For this exercise, return only the lines in the records below from the one holding "Hot-Rods Lagare cu" through the one holding "-博纳UA影城(KK Mall IMAX店)", including both, exactly as they appear and without pictures.

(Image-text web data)
============

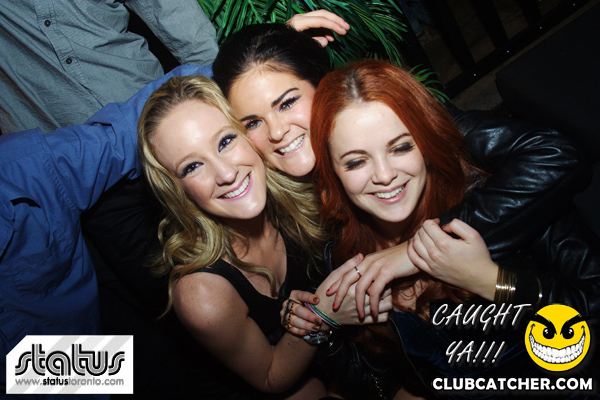 Wetbar And Suite 106 party venue photo 113 - December 31st, 2010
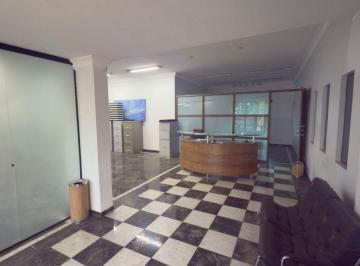 Comercial · 500m² · 2 Vagas · Predio em Vila Bandeirantes, Araçatuba/SP de 500m² à venda por R$ 7.000.000,00 ou para locação R$ 28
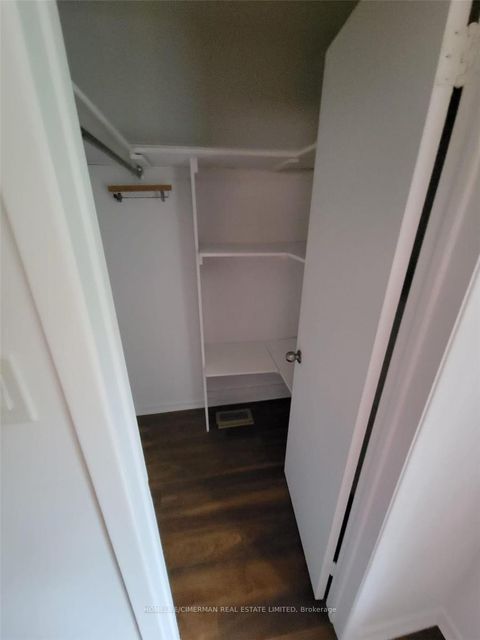 Photo 5 at 174 Johnston Avenue, Westgate, Toronto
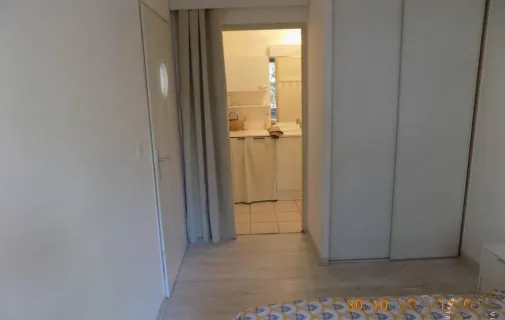 Location Toulouse Appartement 69a6af40ceb8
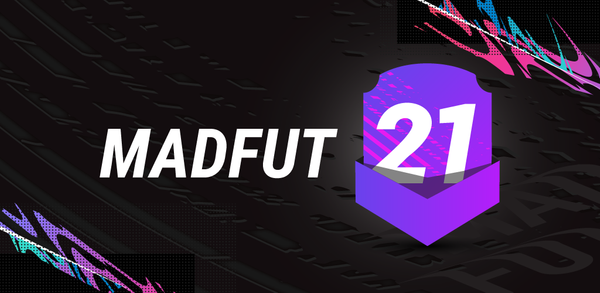 Anleitung zum Download die neueste Version 1.3.2 von Madfut 21 APK für Android 2024 image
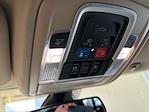 2022 Ram 2500 Crew Cab 4WD Pickup for sale #P0014 - photo 46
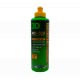 3D ACA 500 X-TRA Cut Compound 237ml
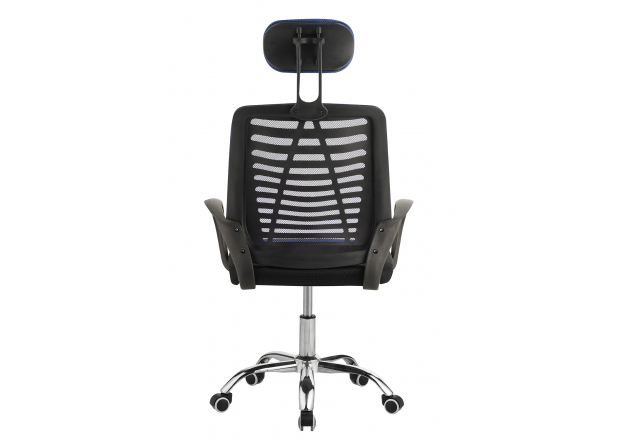 Kontor Chair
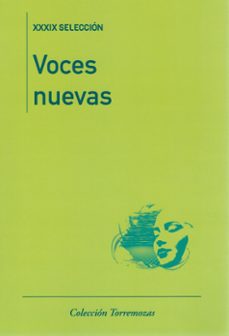 -9788478399635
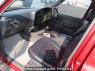Used 1994 MT toyota hilux-pick-up LN107 Image[15]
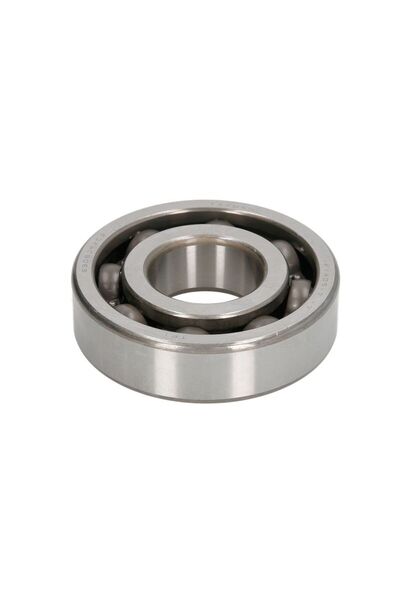 Hot-Rods Lagare cu Arbore Cotit Set cu Garnituri Yamaha Yfm 350 1988-2013 YAM...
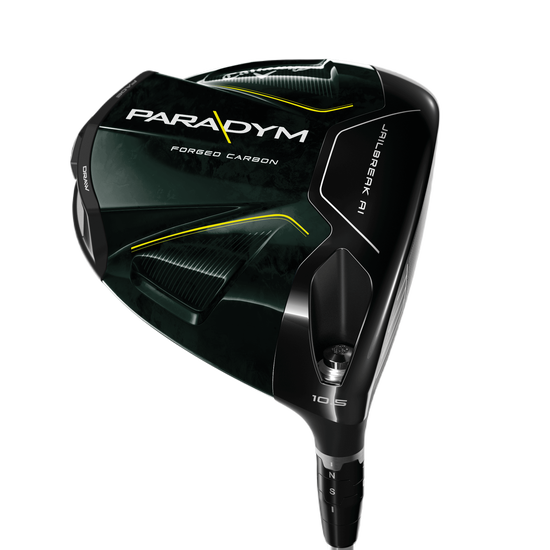 WD RH CC PRDYMGRN DR 9.0 HZRD60 GRSTF KR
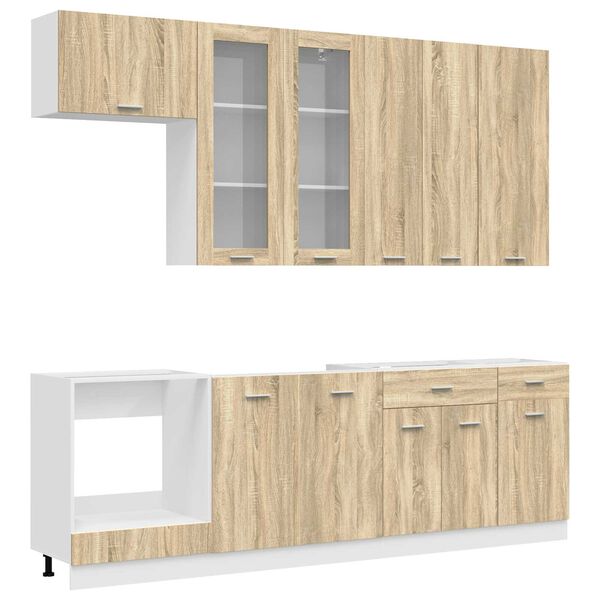 Showing Product Image 1 of 10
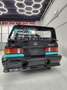 Mercedes-Benz 190 Restomod 55 AMG V8 Kompressor EVO 2 kit 600hp - thumbnail 4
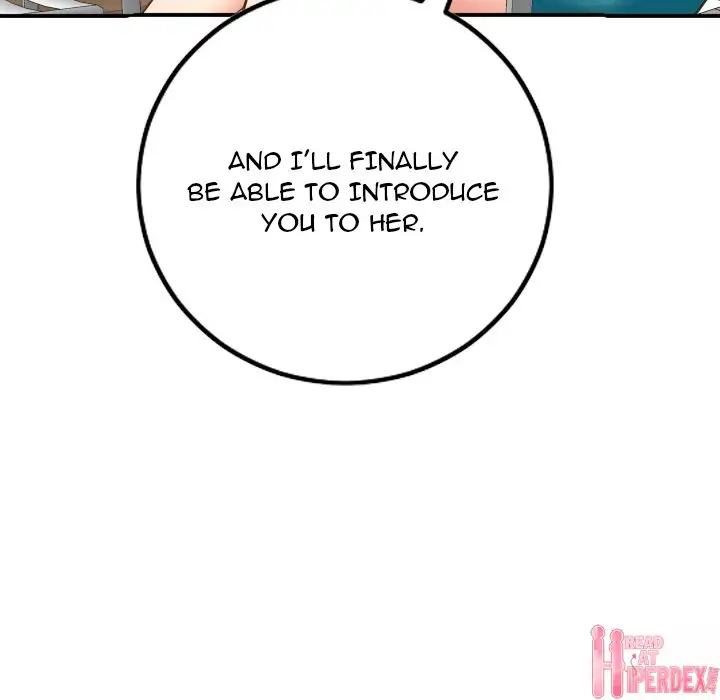 Analogue - Chapter 13 [photo 149] - MangaPorn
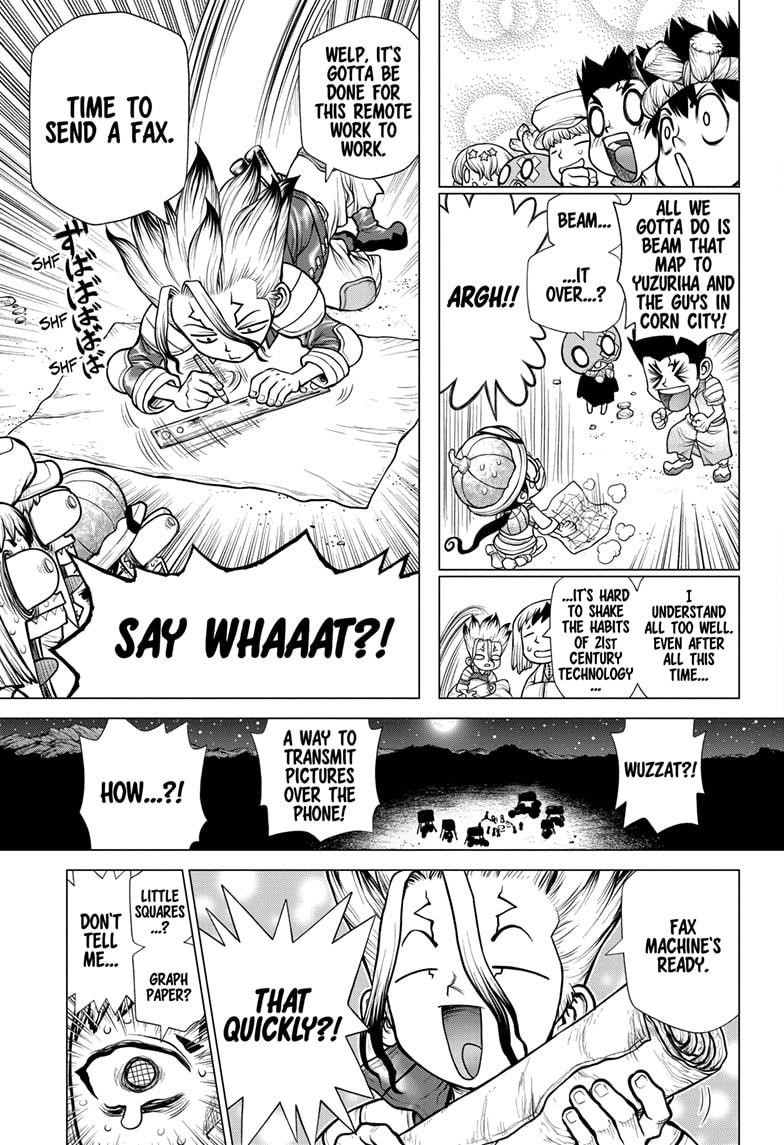 Chapter 177 Image(8)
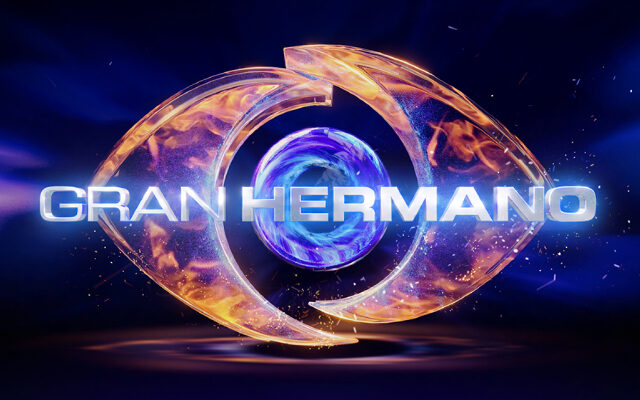 Papá Lulo asegura que entraría sin pensarlo al nuevo Gran Hermano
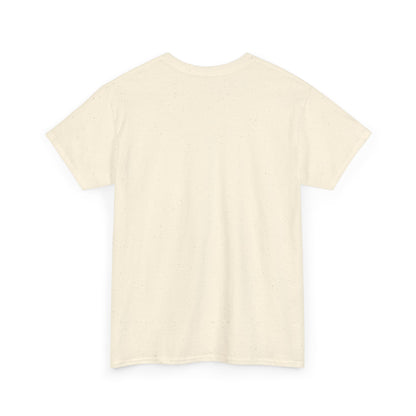 Cute Bunny Strawberry Play Tee - Puppy's Aesthetics
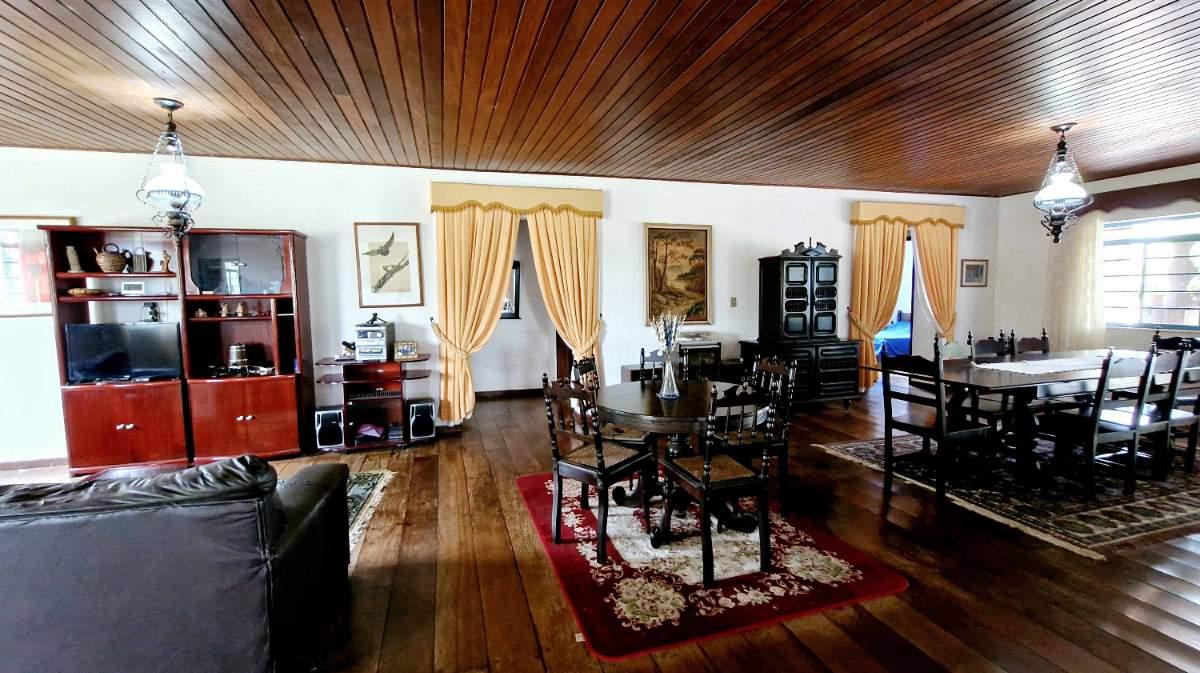 Terreno, 580800 m² - Foto 12
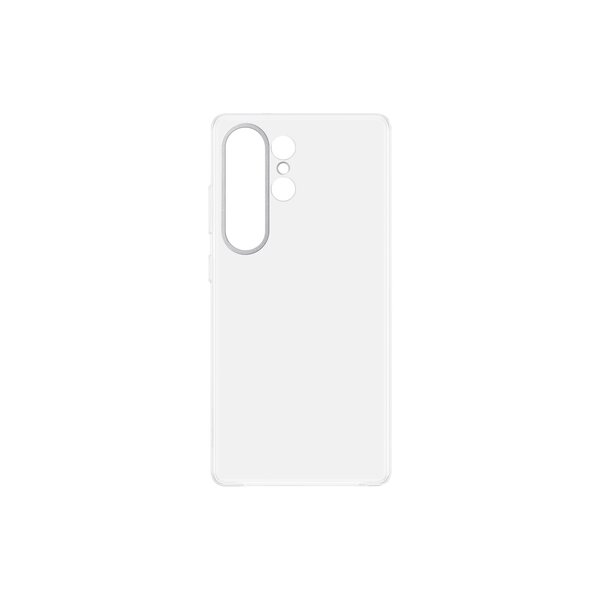 Samsung Clear Case, Samsung Galaxy S25 Ultra, Clear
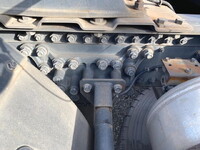 MITSUBISHI FUSO Super Great Trailer Head QPG-FP64VDR 2016 488,000km_16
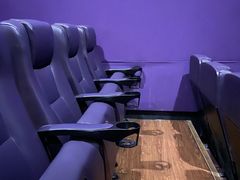 -博纳UA影城(KK Mall IMAX店)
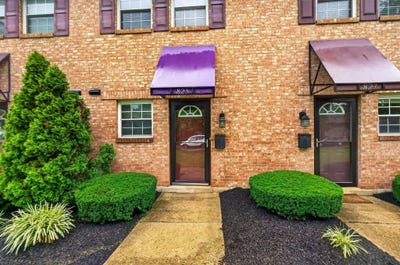 /international/us/825-mcclain-road-columbus-oh-110119431130/
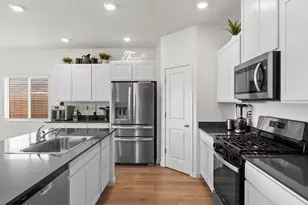 599 Union Rd, Dayton, NV 89403 - Photo 7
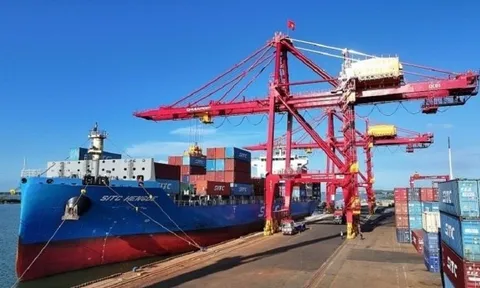 Nỗ lực tìm giải pháp trước 'cú sốc' Trung Đông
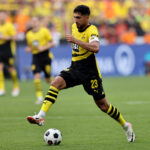 Emre Can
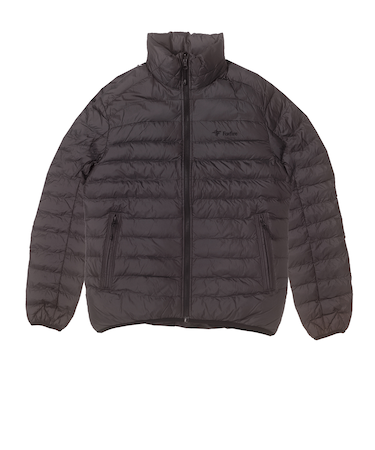 ﾕﾆｯﾄｻｰﾓFｼﾞｬｹｯﾄ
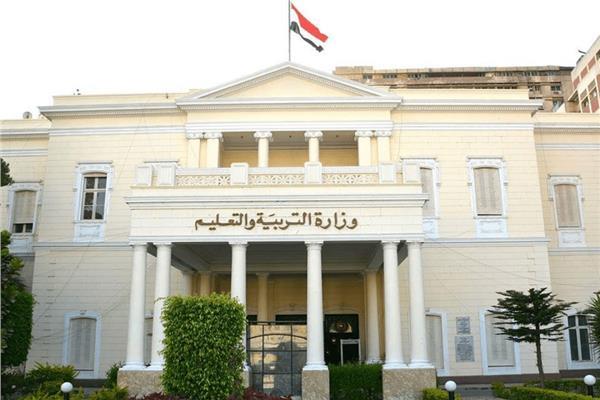 مصادر تكشف موعد إتاحة النماذج الاسترشادية لطلاب الثانوية العامة 2023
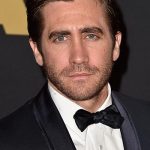 Jake Gyllenhaal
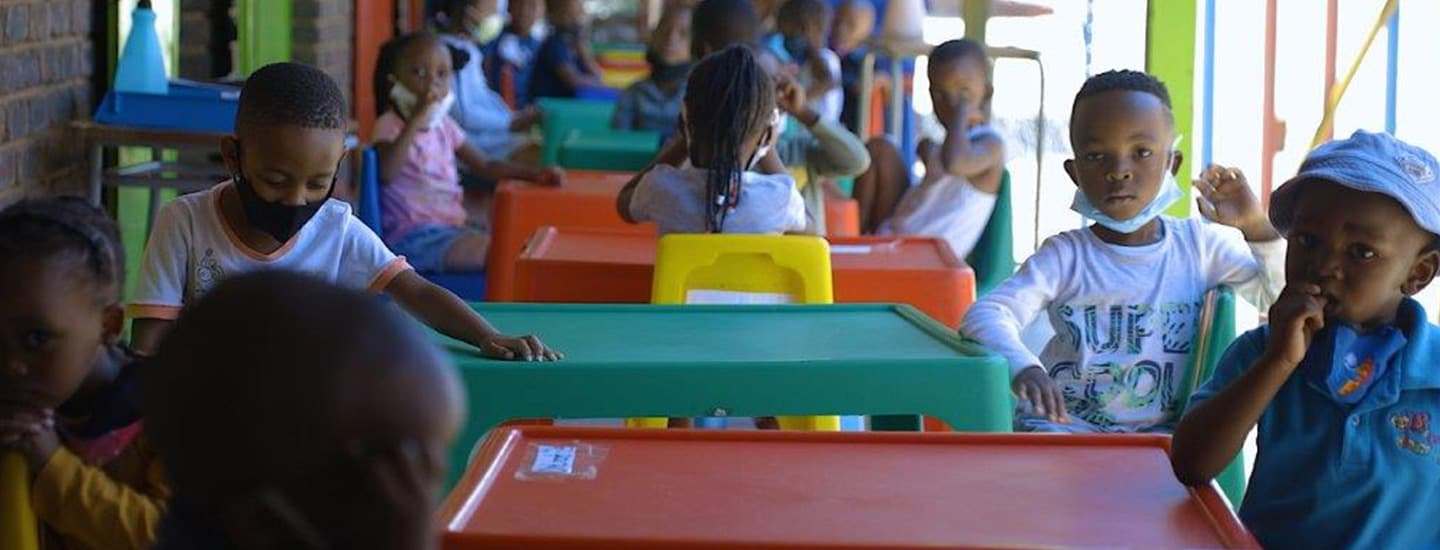 Ford Resource and Engagement Centre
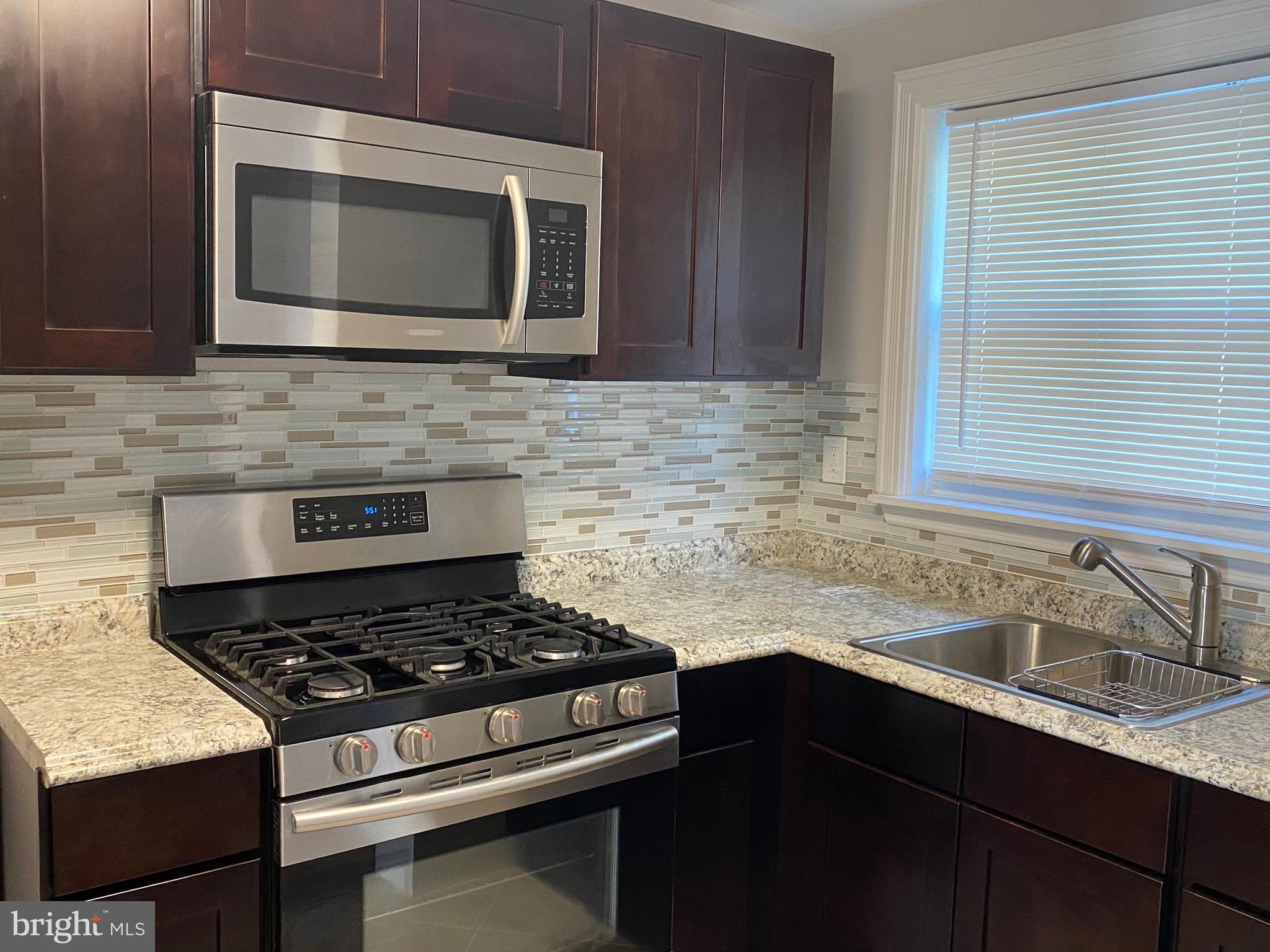 580 Raritan Street Camden, NJ 08105 - Photo 12 of 26 Gallery Image 12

============

# Response below
 Hot-Rods Lagare cu Arbore Cotit Set cu Garnituri Yamaha Yfm 350 1988-2013 YAM...
 WD RH CC PRDYMGRN DR 9.0 HZRD60 GRSTF KR
 Showing Product Image 1 of 10
 Mercedes-Benz 190 Restomod 55 AMG V8 Kompressor EVO 2 kit 600hp - thumbnail 4
 Analogue - Chapter 13 [photo 149] - MangaPorn
 Chapter 177 Image(8)
 Papá Lulo asegura que entraría sin pensarlo al nuevo Gran Hermano
 Cute Bunny Strawberry Play Tee - Puppy's Aesthetics
 Terreno, 580800 m² - Foto 12
 Samsung Clear Case, Samsung Galaxy S25 Ultra, Clear
 MITSUBISHI FUSO Super Great Trailer Head QPG-FP64VDR 2016 488,000km_16
 -博纳UA影城(KK Mall IMAX店)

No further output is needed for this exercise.